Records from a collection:
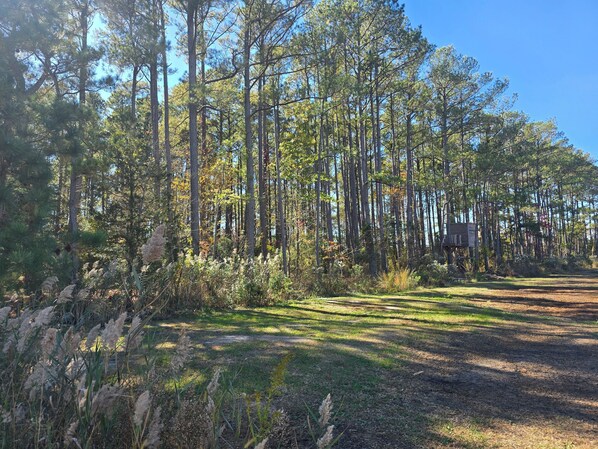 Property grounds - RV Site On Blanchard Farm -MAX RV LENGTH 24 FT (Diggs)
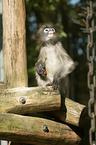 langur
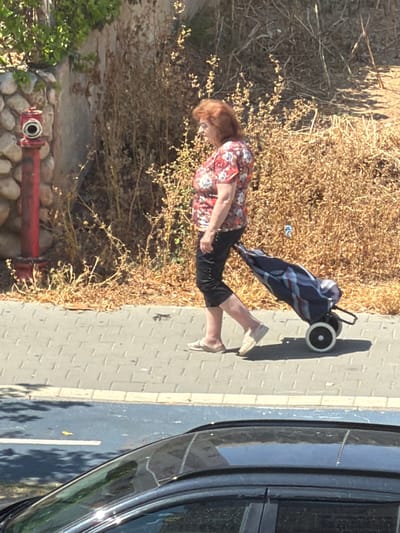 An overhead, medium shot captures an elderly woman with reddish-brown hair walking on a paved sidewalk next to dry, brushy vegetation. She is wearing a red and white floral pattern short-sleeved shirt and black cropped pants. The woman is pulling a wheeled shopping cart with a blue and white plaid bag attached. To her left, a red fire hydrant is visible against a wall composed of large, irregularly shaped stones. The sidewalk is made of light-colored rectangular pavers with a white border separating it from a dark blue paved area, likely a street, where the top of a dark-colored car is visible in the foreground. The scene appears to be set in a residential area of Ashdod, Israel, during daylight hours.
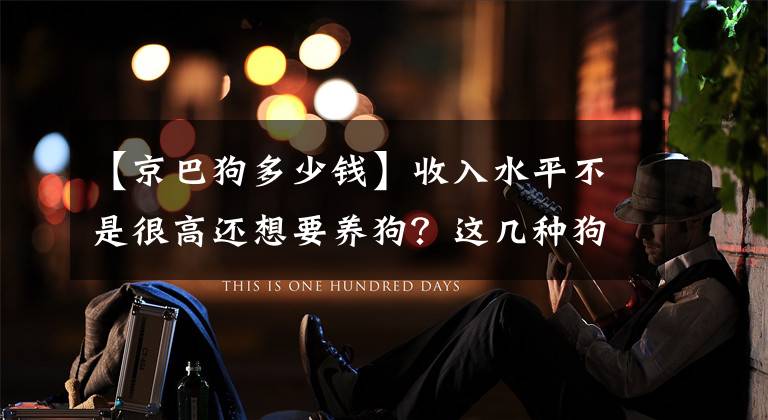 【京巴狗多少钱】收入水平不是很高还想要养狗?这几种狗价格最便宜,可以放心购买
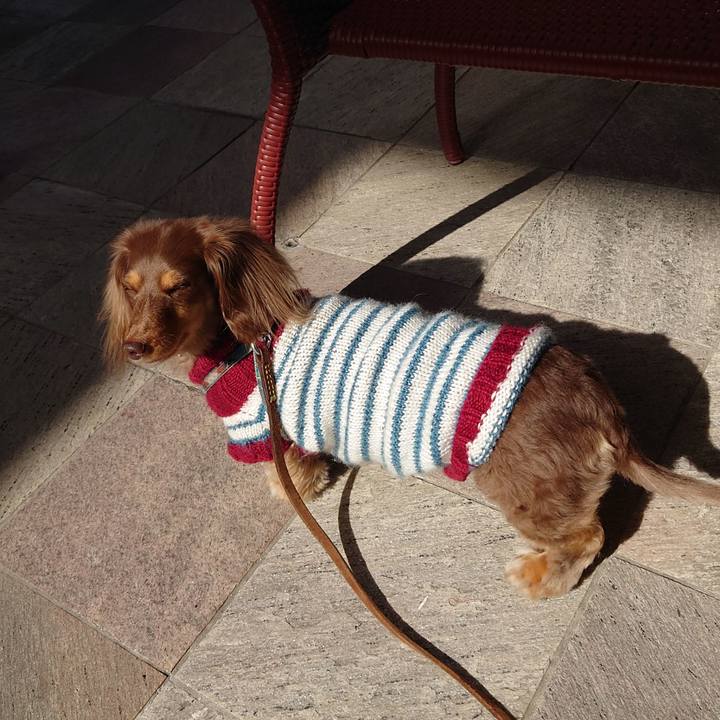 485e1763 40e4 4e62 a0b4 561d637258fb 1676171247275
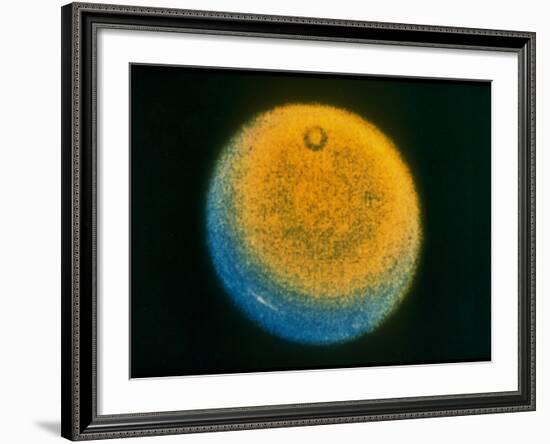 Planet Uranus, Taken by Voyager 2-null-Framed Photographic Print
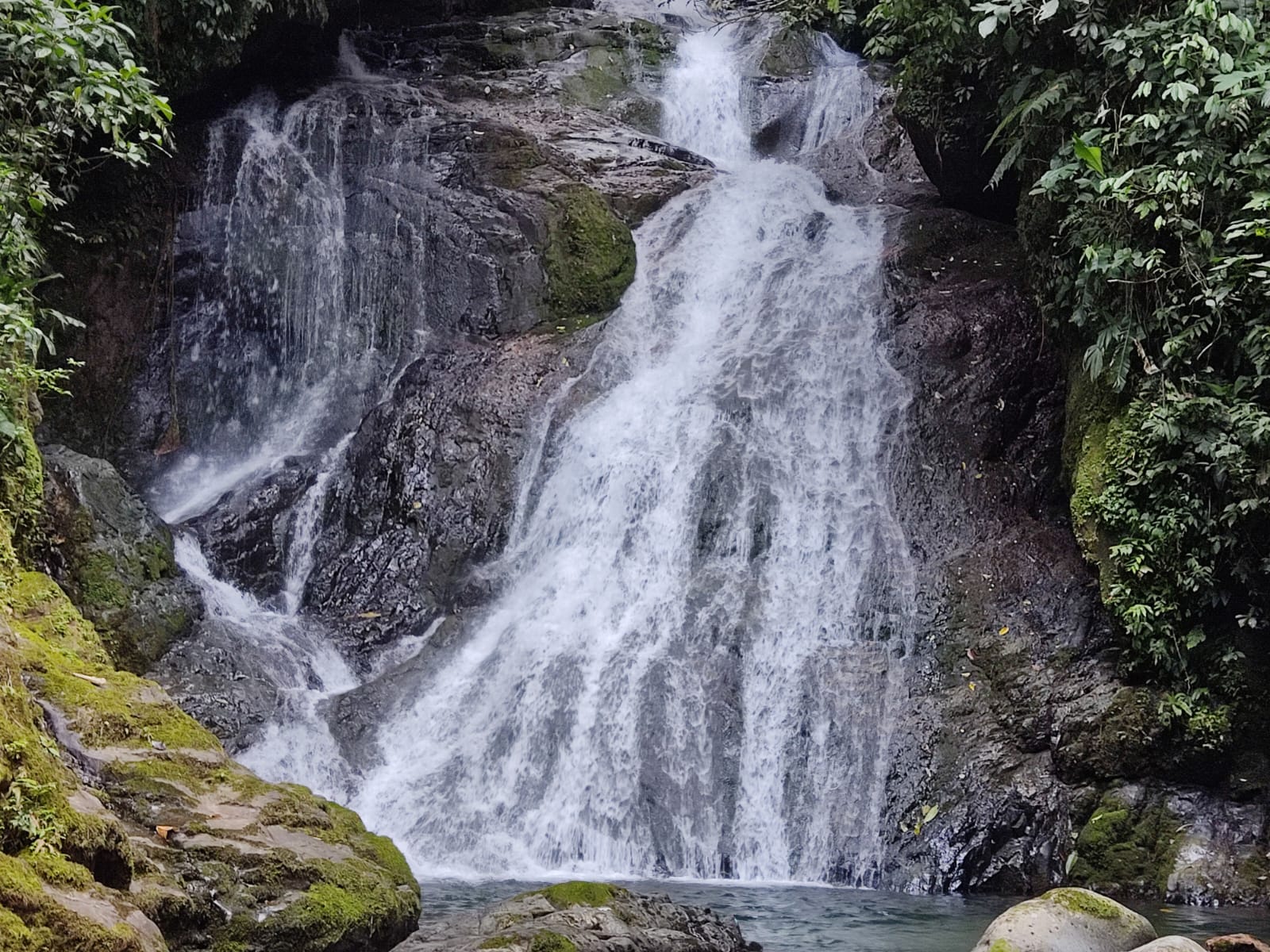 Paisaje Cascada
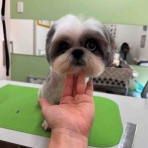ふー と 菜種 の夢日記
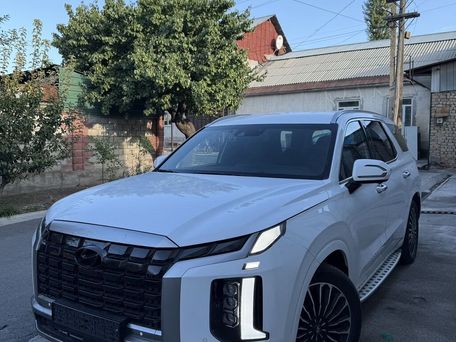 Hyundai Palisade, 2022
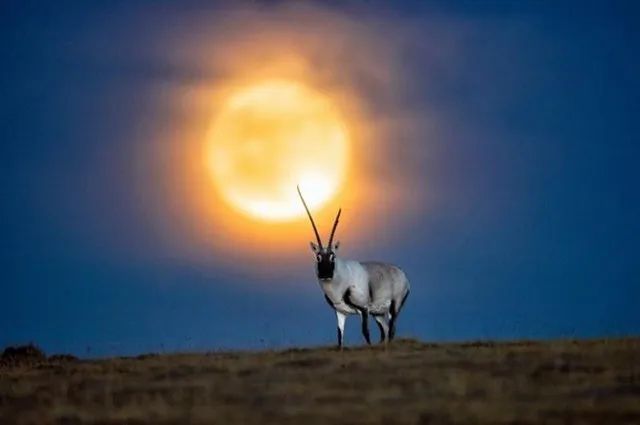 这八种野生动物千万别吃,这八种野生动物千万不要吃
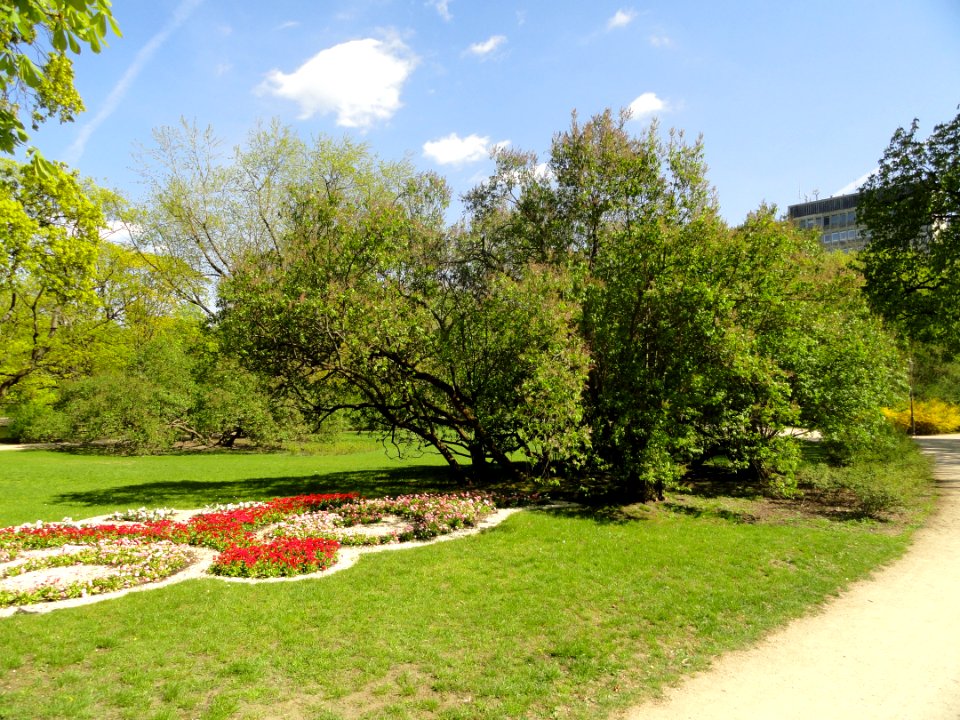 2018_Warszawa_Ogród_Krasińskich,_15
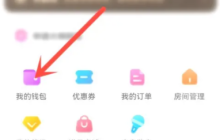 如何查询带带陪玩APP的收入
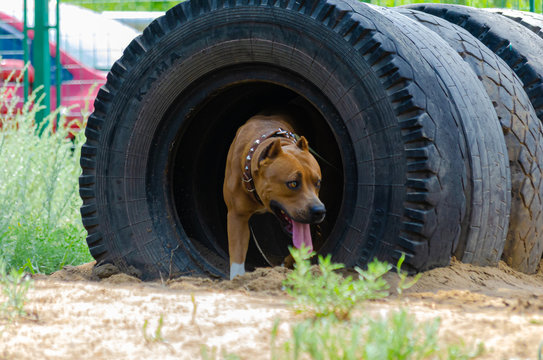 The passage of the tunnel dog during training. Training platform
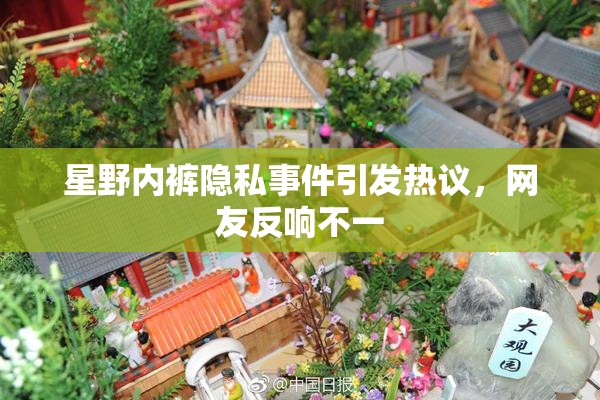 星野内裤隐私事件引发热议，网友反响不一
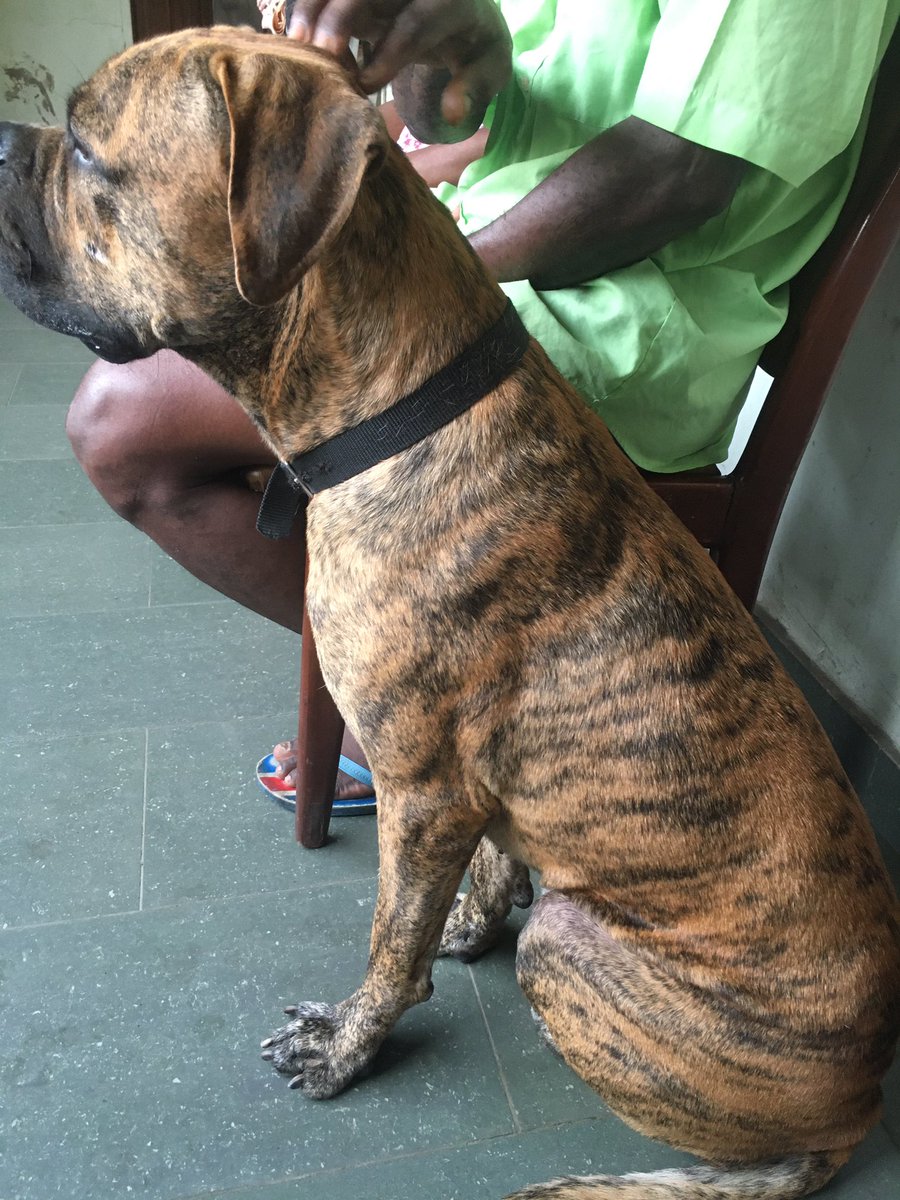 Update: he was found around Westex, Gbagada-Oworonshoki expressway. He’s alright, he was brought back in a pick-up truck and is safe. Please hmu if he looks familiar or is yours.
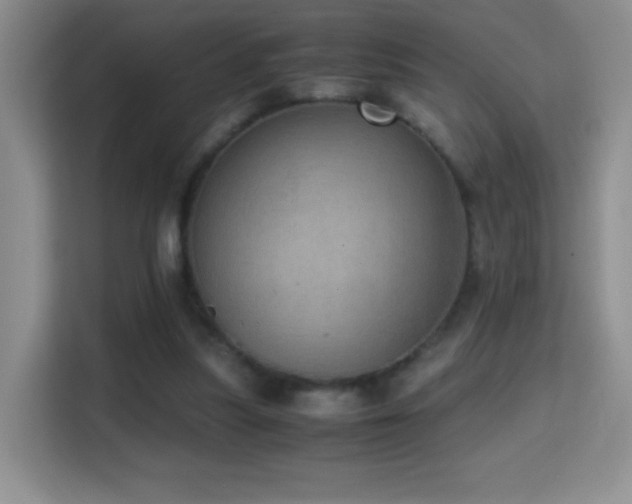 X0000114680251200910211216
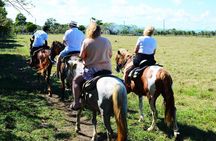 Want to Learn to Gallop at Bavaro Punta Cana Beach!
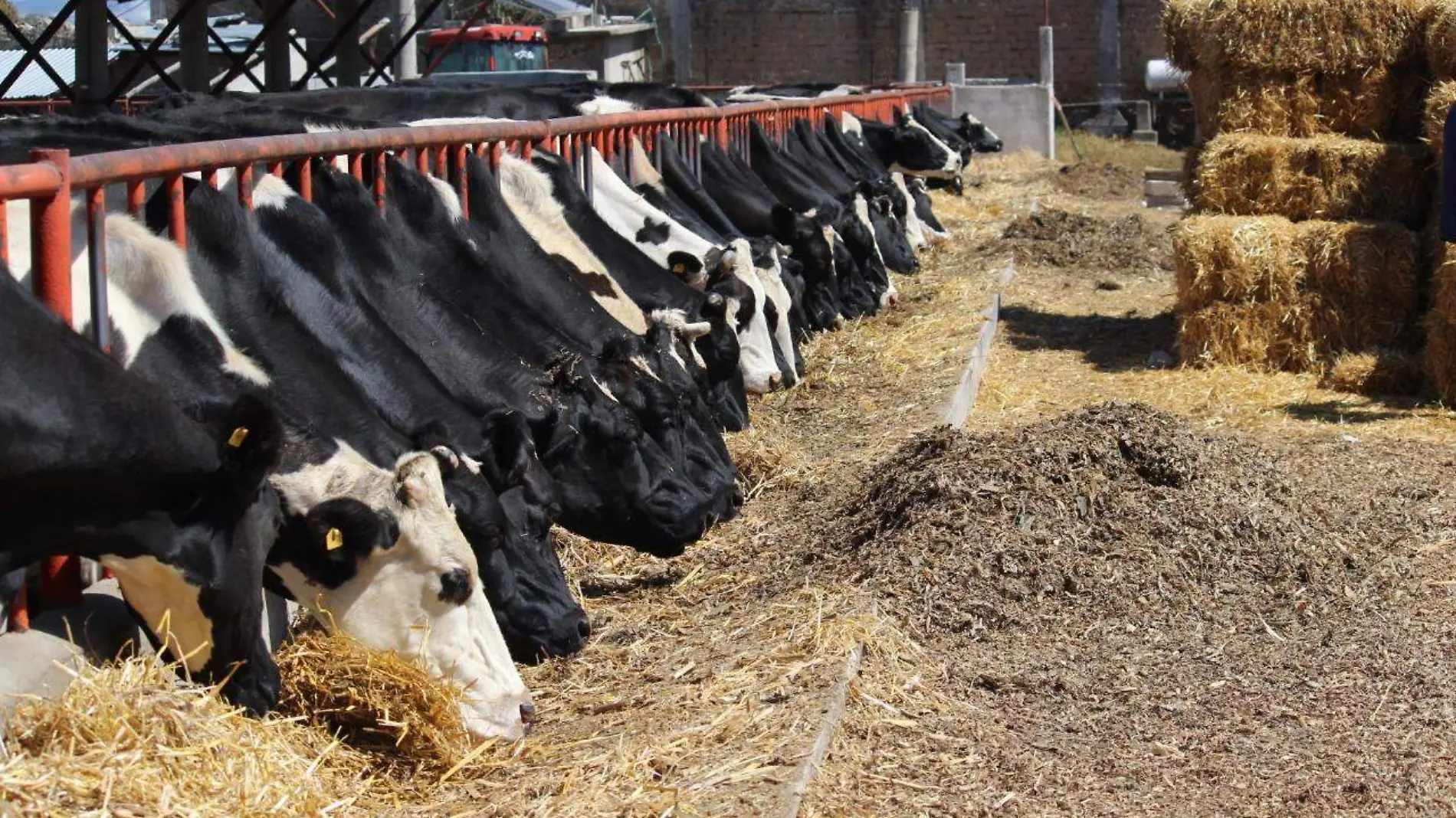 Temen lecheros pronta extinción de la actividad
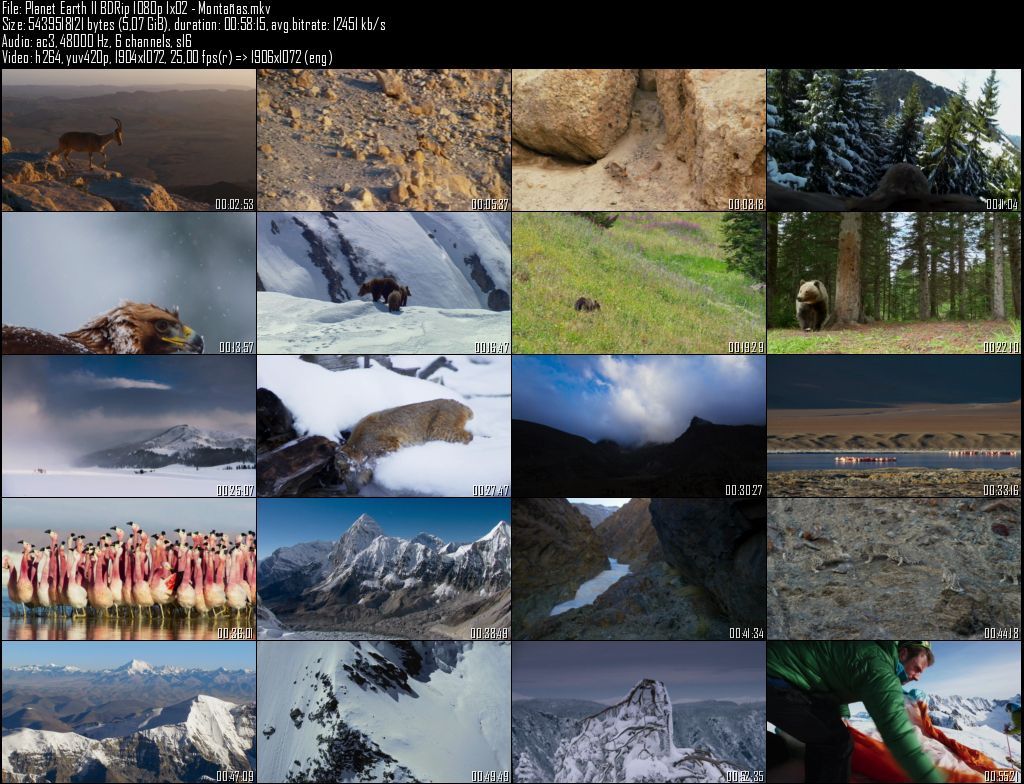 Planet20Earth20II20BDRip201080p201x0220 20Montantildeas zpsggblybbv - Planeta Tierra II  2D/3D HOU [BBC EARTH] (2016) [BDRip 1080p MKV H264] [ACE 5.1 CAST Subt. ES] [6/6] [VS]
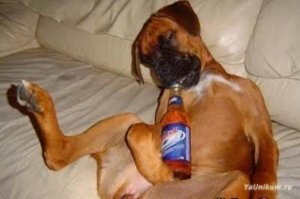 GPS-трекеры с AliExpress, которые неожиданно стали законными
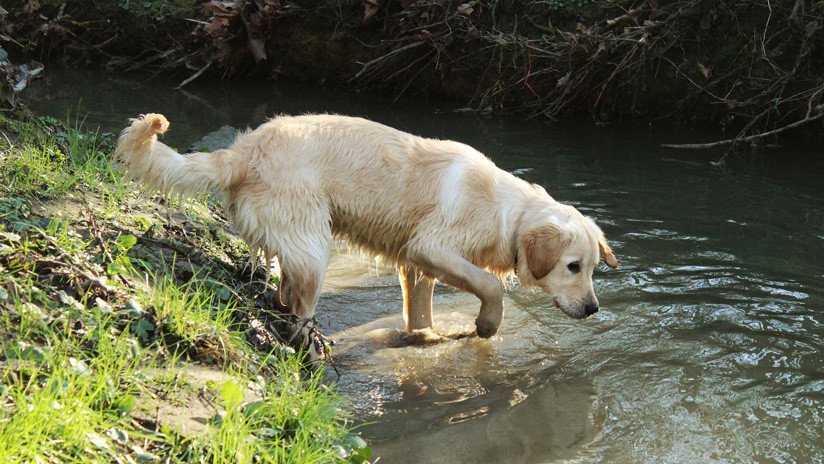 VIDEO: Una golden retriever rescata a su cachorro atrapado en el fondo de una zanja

### Work required
An exact reproduction of the data is required, with pictures excluded.

### Solution
 Property grounds - RV Site On Blanchard Farm -MAX RV LENGTH 24 FT (Diggs)
 langur
 An overhead, medium shot captures an elderly woman with reddish-brown hair walking on a paved sidewalk next to dry, brushy vegetation. She is wearing a red and white floral pattern short-sleeved shirt and black cropped pants. The woman is pulling a wheeled shopping cart with a blue and white plaid bag attached. To her left, a red fire hydrant is visible against a wall composed of large, irregularly shaped stones. The sidewalk is made of light-colored rectangular pavers with a white border separating it from a dark blue paved area, likely a street, where the top of a dark-colored car is visible in the foreground. The scene appears to be set in a residential area of Ashdod, Israel, during daylight hours.
 【京巴狗多少钱】收入水平不是很高还想要养狗?这几种狗价格最便宜,可以放心购买
 485e1763 40e4 4e62 a0b4 561d637258fb 1676171247275
 Planet Uranus, Taken by Voyager 2-null-Framed Photographic Print
 Paisaje Cascada
ふー と 菜種 の夢日記
 Hyundai Palisade, 2022
 这八种野生动物千万别吃,这八种野生动物千万不要吃
 2018_Warszawa_Ogród_Krasińskich,_15
 如何查询带带陪玩APP的收入
 The passage of the tunnel dog during training. Training platform
 星野内裤隐私事件引发热议，网友反响不一
 Update: he was found around Westex, Gbagada-Oworonshoki expressway. He’s alright, he was brought back in a pick-up truck and is safe. Please hmu if he looks familiar or is yours.
 X0000114680251200910211216
 Want to Learn to Gallop at Bavaro Punta Cana Beach!
 Temen lecheros pronta extinción de la actividad
 Planet20Earth20II20BDRip201080p201x0220 20Montantildeas zpsggblybbv - Planeta Tierra II  2D/3D HOU [BBC EARTH] (2016) [BDRip 1080p MKV H264] [ACE 5.1 CAST Subt. ES] [6/6] [VS]
 GPS-трекеры с AliExpress, которые неожиданно стали законными
 VIDEO: Una golden retriever rescata a su cachorro atrapado en el fondo de una zanja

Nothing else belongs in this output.